Goal of the exercise:
Lines to restate from the data below: from the one containing "New Stylish Sea" to the one containing "Juliska French Panel Whitewash Coupe Bowl", both included. Give them again exactly, and only them.

Items listed in a dataset:

= Beginning of Section =

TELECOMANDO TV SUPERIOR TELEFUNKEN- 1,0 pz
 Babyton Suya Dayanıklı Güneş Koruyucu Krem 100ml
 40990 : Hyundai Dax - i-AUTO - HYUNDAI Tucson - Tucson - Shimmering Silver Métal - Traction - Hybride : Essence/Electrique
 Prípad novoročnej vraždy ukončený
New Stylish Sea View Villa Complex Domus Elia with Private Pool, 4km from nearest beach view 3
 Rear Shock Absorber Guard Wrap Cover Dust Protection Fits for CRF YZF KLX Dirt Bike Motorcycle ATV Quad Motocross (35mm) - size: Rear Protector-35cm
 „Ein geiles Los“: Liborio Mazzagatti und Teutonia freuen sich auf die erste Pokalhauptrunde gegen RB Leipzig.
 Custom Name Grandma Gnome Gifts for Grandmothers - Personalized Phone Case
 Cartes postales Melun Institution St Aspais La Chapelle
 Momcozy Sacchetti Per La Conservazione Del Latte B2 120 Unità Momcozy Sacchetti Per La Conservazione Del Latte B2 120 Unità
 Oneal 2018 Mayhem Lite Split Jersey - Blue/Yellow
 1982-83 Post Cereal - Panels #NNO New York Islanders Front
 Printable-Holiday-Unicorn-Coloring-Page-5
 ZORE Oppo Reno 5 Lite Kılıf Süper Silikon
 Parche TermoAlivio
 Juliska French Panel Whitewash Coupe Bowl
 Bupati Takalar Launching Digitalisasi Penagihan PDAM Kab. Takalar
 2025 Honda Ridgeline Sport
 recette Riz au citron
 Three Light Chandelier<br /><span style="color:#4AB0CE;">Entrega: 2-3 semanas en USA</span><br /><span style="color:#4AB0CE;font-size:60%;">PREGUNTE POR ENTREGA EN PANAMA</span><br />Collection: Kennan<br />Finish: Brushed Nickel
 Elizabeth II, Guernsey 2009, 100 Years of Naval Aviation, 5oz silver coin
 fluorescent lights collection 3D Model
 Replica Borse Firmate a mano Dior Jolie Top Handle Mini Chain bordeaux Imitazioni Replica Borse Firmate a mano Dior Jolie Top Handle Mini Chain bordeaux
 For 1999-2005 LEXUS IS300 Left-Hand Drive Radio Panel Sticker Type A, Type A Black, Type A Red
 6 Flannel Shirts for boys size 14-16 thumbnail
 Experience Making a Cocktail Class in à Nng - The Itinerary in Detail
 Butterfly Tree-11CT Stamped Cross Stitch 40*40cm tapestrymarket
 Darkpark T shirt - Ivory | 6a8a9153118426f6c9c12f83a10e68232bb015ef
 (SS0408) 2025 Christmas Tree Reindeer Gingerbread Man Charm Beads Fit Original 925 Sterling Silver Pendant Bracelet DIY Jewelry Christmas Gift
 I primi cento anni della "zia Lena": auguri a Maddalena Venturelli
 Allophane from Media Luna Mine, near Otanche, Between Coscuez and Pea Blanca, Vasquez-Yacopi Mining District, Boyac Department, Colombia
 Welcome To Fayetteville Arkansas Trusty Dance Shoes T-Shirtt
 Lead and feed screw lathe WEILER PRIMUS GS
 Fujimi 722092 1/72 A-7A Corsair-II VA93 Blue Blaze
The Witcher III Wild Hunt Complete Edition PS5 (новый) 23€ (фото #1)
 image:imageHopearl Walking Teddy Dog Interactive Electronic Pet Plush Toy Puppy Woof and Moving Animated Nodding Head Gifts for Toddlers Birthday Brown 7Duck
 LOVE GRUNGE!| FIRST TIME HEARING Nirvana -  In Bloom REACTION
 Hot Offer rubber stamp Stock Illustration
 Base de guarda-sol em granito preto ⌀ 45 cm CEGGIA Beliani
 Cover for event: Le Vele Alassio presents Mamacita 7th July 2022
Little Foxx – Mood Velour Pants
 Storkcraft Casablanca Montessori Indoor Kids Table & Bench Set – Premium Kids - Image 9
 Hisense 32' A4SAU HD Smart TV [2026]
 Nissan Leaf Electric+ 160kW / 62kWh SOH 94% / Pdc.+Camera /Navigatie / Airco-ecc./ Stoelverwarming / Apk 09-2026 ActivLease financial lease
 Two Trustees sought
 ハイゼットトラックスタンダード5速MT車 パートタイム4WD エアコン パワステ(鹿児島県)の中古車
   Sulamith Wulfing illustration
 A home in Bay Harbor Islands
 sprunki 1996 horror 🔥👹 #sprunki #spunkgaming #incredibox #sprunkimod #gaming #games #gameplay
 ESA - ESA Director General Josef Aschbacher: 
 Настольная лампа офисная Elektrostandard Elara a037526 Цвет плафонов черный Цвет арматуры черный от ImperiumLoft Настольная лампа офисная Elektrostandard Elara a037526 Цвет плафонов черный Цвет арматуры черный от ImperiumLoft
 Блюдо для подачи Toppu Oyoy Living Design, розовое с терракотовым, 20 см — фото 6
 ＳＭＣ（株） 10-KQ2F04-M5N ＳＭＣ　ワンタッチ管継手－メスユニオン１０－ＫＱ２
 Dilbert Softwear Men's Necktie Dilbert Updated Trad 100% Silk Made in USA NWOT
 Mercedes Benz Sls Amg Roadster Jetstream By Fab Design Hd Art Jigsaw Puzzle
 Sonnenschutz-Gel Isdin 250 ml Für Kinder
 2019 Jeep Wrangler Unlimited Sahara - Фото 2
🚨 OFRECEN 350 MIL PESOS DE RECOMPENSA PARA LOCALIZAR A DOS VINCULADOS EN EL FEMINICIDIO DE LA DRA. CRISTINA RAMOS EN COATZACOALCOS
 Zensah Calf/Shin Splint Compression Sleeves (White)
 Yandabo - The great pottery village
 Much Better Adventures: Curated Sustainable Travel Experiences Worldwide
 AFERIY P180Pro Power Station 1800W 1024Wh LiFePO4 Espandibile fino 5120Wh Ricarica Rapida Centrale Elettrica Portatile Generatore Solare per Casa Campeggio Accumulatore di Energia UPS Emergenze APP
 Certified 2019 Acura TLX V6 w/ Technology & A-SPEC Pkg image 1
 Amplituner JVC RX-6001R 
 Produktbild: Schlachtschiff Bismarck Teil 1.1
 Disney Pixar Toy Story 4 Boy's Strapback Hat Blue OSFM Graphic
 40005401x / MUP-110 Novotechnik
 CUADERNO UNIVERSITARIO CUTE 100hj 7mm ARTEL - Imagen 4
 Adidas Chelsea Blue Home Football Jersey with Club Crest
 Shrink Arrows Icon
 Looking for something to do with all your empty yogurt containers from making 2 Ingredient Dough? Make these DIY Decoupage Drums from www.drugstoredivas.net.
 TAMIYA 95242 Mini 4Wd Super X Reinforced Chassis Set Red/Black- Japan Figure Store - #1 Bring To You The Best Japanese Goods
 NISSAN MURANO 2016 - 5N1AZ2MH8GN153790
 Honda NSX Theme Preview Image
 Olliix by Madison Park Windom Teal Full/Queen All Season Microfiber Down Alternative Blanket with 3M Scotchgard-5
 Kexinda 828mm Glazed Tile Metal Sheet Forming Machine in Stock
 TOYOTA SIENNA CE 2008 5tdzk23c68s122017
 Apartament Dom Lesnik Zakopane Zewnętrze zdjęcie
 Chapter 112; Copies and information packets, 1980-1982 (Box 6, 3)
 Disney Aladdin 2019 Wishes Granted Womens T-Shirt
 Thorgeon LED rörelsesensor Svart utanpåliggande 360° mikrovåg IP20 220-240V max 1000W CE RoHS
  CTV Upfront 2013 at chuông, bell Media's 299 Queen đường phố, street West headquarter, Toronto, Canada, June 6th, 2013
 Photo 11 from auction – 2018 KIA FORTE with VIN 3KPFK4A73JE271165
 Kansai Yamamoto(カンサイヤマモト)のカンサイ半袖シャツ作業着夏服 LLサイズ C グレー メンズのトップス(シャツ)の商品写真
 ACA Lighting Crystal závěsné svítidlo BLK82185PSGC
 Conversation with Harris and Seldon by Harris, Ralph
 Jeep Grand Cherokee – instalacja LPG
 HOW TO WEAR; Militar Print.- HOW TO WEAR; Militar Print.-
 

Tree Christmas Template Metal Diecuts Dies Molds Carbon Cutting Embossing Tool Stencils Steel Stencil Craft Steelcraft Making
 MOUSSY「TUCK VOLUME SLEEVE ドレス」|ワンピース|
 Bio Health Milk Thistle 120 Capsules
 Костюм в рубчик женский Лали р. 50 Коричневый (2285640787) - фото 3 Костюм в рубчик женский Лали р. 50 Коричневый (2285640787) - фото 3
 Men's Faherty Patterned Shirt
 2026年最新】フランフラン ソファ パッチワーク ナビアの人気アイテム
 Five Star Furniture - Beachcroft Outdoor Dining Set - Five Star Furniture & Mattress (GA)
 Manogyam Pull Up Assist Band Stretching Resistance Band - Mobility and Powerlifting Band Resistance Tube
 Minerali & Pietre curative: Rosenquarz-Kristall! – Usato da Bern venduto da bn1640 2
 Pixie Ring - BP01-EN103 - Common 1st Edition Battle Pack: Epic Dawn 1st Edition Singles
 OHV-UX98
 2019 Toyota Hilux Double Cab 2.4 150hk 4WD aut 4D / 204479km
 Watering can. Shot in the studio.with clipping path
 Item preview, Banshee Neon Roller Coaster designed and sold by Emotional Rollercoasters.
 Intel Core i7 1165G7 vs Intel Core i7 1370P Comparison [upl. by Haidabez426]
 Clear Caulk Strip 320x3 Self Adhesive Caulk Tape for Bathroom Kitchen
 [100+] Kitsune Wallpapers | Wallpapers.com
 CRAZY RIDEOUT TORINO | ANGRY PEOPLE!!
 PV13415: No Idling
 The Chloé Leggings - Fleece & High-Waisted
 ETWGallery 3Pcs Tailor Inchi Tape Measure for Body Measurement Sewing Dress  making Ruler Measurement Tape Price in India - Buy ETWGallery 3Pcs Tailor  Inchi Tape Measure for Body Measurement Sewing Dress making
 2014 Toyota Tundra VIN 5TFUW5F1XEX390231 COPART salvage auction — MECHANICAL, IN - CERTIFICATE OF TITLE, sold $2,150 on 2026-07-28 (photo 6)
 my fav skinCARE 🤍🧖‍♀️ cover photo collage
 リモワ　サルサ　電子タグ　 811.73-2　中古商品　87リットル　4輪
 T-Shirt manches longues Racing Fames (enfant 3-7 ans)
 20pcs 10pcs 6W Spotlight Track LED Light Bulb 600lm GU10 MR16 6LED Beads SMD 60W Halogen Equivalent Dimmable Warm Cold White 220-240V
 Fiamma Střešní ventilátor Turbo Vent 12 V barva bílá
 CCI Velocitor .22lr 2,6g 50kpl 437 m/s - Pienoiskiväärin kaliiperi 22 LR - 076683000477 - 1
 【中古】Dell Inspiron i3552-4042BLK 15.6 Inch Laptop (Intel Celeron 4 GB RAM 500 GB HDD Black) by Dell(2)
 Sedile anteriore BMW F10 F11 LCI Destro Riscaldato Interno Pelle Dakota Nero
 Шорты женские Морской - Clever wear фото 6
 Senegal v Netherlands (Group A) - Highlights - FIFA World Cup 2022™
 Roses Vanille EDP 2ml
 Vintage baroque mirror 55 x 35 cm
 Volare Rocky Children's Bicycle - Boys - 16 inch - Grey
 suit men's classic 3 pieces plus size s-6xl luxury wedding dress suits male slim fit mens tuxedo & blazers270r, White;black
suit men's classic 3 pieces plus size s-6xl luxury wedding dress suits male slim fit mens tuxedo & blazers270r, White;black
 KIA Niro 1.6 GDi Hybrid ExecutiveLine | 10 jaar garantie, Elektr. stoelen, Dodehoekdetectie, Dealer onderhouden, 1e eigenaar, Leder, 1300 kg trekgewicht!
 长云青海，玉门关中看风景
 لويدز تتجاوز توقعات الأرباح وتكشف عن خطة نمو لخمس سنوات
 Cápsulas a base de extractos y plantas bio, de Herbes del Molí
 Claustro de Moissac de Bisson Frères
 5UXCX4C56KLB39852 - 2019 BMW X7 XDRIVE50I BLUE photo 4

= End of Section =

Output below:
New Stylish Sea View Villa Complex Domus Elia with Private Pool, 4km from nearest beach view 3
 Rear Shock Absorber Guard Wrap Cover Dust Protection Fits for CRF YZF KLX Dirt Bike Motorcycle ATV Quad Motocross (35mm) - size: Rear Protector-35cm
 „Ein geiles Los“: Liborio Mazzagatti und Teutonia freuen sich auf die erste Pokalhauptrunde gegen RB Leipzig.
 Custom Name Grandma Gnome Gifts for Grandmothers - Personalized Phone Case
 Cartes postales Melun Institution St Aspais La Chapelle
 Momcozy Sacchetti Per La Conservazione Del Latte B2 120 Unità Momcozy Sacchetti Per La Conservazione Del Latte B2 120 Unità
 Oneal 2018 Mayhem Lite Split Jersey - Blue/Yellow
 1982-83 Post Cereal - Panels #NNO New York Islanders Front
 Printable-Holiday-Unicorn-Coloring-Page-5
 ZORE Oppo Reno 5 Lite Kılıf Süper Silikon
 Parche TermoAlivio
 Juliska French Panel Whitewash Coupe Bowl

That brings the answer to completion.